[Items from a data source]
----------

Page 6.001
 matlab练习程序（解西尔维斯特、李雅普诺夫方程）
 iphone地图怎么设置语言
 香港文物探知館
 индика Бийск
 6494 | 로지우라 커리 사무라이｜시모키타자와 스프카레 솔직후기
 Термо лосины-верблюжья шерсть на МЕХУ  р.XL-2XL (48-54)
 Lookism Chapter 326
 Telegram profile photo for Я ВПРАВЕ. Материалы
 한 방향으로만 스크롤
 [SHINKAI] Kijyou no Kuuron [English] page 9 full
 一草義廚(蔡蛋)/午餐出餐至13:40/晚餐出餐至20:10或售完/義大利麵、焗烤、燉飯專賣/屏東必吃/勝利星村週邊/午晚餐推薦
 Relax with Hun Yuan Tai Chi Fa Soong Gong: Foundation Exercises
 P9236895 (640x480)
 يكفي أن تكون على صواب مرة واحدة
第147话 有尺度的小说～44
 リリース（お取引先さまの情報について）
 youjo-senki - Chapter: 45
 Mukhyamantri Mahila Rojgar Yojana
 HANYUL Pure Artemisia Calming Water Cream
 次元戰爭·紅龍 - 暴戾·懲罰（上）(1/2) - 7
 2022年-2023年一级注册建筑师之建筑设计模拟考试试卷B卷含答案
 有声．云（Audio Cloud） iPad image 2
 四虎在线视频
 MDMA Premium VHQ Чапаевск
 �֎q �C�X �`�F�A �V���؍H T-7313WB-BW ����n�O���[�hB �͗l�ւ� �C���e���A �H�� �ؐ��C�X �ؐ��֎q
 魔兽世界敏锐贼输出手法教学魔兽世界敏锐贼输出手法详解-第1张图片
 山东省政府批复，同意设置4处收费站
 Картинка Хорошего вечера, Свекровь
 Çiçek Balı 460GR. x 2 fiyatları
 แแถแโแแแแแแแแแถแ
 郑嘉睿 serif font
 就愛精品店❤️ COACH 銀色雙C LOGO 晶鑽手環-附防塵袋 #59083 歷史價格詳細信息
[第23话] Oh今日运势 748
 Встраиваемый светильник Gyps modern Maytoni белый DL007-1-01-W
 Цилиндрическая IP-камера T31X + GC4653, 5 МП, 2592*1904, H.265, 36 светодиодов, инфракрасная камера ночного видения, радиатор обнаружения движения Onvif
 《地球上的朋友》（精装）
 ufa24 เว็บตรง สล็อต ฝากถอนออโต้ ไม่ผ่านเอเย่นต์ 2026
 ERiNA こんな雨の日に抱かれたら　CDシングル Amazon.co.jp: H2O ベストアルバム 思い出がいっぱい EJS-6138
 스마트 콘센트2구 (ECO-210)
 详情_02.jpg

----------

WHAT IS REQUIRED. Retrieve every line above holding the word "Chapter".

ANSWER TO THIS EXERCISE.
 Lookism Chapter 326
 youjo-senki - Chapter: 45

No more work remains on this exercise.